▶ **Your assignment**:
In the material below, find the line containing "소중한 나의 웨딩링💕" and the line containing "Night, Swimming pool", then reproduce exactly both of them and every line between, and nothing else.

▶ **Data shown**:
Segment Open
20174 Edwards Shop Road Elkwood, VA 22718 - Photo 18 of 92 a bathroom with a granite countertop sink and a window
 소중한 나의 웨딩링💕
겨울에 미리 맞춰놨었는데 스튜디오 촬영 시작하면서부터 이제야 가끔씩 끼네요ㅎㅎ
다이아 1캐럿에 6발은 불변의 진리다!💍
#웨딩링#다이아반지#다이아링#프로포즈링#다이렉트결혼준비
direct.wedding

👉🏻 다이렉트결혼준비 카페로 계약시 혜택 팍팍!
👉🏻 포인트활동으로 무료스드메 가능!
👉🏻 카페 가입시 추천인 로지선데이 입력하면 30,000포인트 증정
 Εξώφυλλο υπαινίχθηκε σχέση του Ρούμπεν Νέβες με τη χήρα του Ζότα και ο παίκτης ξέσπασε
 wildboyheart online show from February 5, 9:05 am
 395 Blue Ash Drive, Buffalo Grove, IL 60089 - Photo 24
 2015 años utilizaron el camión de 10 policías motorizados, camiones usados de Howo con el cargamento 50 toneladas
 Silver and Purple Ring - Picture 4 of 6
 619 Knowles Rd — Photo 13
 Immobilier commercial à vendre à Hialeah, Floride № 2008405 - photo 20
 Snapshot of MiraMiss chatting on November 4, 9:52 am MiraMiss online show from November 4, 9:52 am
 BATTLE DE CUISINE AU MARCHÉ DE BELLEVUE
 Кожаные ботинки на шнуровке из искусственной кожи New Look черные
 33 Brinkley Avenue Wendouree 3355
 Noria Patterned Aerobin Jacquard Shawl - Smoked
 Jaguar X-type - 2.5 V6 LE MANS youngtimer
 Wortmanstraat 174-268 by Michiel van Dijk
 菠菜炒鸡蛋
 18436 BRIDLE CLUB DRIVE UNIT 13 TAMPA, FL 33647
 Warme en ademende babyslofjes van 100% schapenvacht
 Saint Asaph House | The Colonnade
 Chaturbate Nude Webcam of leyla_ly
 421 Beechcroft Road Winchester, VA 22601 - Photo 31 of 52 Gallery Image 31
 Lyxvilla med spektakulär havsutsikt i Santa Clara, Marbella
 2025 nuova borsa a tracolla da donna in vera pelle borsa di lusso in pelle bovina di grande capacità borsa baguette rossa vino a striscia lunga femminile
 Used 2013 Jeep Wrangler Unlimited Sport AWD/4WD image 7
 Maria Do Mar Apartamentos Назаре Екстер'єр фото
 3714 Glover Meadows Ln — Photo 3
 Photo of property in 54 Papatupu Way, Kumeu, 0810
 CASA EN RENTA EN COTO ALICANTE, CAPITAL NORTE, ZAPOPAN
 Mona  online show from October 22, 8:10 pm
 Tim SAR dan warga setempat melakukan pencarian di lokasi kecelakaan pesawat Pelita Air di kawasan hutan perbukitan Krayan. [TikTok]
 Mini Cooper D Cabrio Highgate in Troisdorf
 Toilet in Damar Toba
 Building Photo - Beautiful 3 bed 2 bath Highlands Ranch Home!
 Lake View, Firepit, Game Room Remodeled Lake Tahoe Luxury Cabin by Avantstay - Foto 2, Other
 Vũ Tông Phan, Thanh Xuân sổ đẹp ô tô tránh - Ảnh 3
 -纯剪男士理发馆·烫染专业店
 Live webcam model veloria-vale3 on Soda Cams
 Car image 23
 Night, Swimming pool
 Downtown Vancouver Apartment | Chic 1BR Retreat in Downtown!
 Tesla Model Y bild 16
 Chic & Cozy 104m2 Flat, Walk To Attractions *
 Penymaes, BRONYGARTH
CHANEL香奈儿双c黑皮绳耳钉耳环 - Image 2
Segment Closed
▶ **Answer to the problem**:
 소중한 나의 웨딩링💕
겨울에 미리 맞춰놨었는데 스튜디오 촬영 시작하면서부터 이제야 가끔씩 끼네요ㅎㅎ
다이아 1캐럿에 6발은 불변의 진리다!💍
#웨딩링#다이아반지#다이아링#프로포즈링#다이렉트결혼준비
direct.wedding

👉🏻 다이렉트결혼준비 카페로 계약시 혜택 팍팍!
👉🏻 포인트활동으로 무료스드메 가능!
👉🏻 카페 가입시 추천인 로지선데이 입력하면 30,000포인트 증정
 Εξώφυλλο υπαινίχθηκε σχέση του Ρούμπεν Νέβες με τη χήρα του Ζότα και ο παίκτης ξέσπασε
 wildboyheart online show from February 5, 9:05 am
 395 Blue Ash Drive, Buffalo Grove, IL 60089 - Photo 24
 2015 años utilizaron el camión de 10 policías motorizados, camiones usados de Howo con el cargamento 50 toneladas
 Silver and Purple Ring - Picture 4 of 6
 619 Knowles Rd — Photo 13
 Immobilier commercial à vendre à Hialeah, Floride № 2008405 - photo 20
 Snapshot of MiraMiss chatting on November 4, 9:52 am MiraMiss online show from November 4, 9:52 am
 BATTLE DE CUISINE AU MARCHÉ DE BELLEVUE
 Кожаные ботинки на шнуровке из искусственной кожи New Look черные
 33 Brinkley Avenue Wendouree 3355
 Noria Patterned Aerobin Jacquard Shawl - Smoked
 Jaguar X-type - 2.5 V6 LE MANS youngtimer
 Wortmanstraat 174-268 by Michiel van Dijk
 菠菜炒鸡蛋
 18436 BRIDLE CLUB DRIVE UNIT 13 TAMPA, FL 33647
 Warme en ademende babyslofjes van 100% schapenvacht
 Saint Asaph House | The Colonnade
 Chaturbate Nude Webcam of leyla_ly
 421 Beechcroft Road Winchester, VA 22601 - Photo 31 of 52 Gallery Image 31
 Lyxvilla med spektakulär havsutsikt i Santa Clara, Marbella
 2025 nuova borsa a tracolla da donna in vera pelle borsa di lusso in pelle bovina di grande capacità borsa baguette rossa vino a striscia lunga femminile
 Used 2013 Jeep Wrangler Unlimited Sport AWD/4WD image 7
 Maria Do Mar Apartamentos Назаре Екстер'єр фото
 3714 Glover Meadows Ln — Photo 3
 Photo of property in 54 Papatupu Way, Kumeu, 0810
 CASA EN RENTA EN COTO ALICANTE, CAPITAL NORTE, ZAPOPAN
 Mona  online show from October 22, 8:10 pm
 Tim SAR dan warga setempat melakukan pencarian di lokasi kecelakaan pesawat Pelita Air di kawasan hutan perbukitan Krayan. [TikTok]
 Mini Cooper D Cabrio Highgate in Troisdorf
 Toilet in Damar Toba
 Building Photo - Beautiful 3 bed 2 bath Highlands Ranch Home!
 Lake View, Firepit, Game Room Remodeled Lake Tahoe Luxury Cabin by Avantstay - Foto 2, Other
 Vũ Tông Phan, Thanh Xuân sổ đẹp ô tô tránh - Ảnh 3
 -纯剪男士理发馆·烫染专业店
 Live webcam model veloria-vale3 on Soda Cams
 Car image 23
 Night, Swimming pool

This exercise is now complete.